Here is a free handbook on creating a right-to-die hospice service:

laurie kelly
November 7, 2017 at 5:04 pm

I am very concerned about Alzheimers disease. Can I use Death with Dignity when I am at the stage where I can no longer recognize my family and have no quality of life? Seems it pertains to people with 6 months left to live and not dementia patients. Would like to sign consent ahead of time for when/if this is my destiny. Grandmother and mother suffered with this disease. Thank you for your insight. I live in California by the way.

Peter Korchnak, Death with Dignity
November 7, 2017 at 5:06 pm

In a word, no. Only mentally competent adult residents suffering from a terminal illness with a prognosis of 6 or fewer months to live are eligible to use the California End of Life Option Act (and similar laws around the country, in CO, DC, OR, VT, and WA). The patient must be of sound mind, i.e. be able to make his/her own healthcare decisions, when making the requests for medications under the Act, and must be able to self-administer and ingest the medication at the time of his/her choosing.

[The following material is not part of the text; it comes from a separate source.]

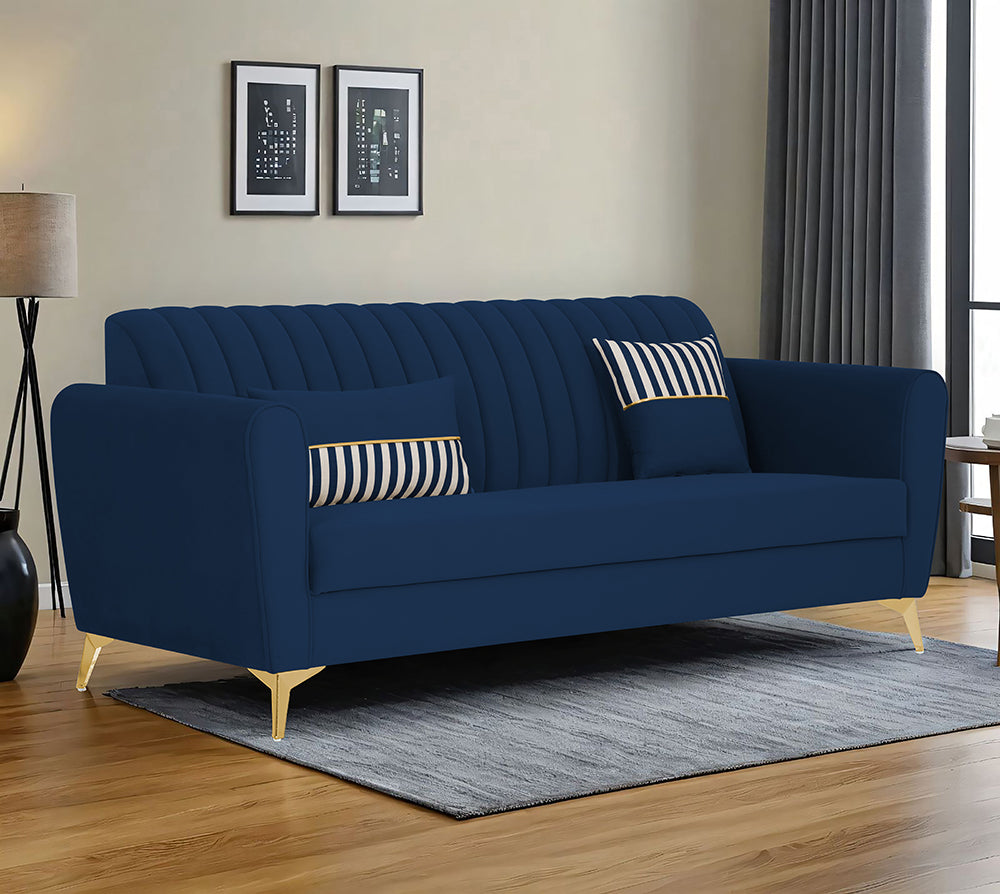 Adorn India Premium Luster 3 Seater | Velvet Suede Fabric | 3-Year Warranty | Color Blue with Golden Legs & Striped Pattern Cushion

Should the attending physician receiving the request under the Act determine the patient’s judgment is impaired for any reason, the physician must refer the patient for psychological evaluation, and if that determines the patient’s judgment is impaired, the patient will be ineligible for the medication under the Act.

In other words, if the patient has dementia or Alzheimer’s Disease, s/he is ineligible to request medication under Death with Dignity laws because his/her judgment or decision-making is impaired by the illness; if s/he is in early stages of these illnesses without cognitive impairment, s/he would not qualify due to not having a terminal diagnosis.

In addition, death with dignity laws cannot be used under advance directives because the patient would no longer be of sound mind or able to self-administer the medication when the advance directives kick in. The California End of Life Option Act states


(c) A request for a prescription for an aid-in-dying drug under this part shall be made solely and directly by the individual diagnosed with the terminal disease and shall not be made on behalf of the patient, including, but not limited to, through a power of attorney, an advance health care directive, a conservator, health care agent, surrogate, or any other legally recognized health care decisionmaker.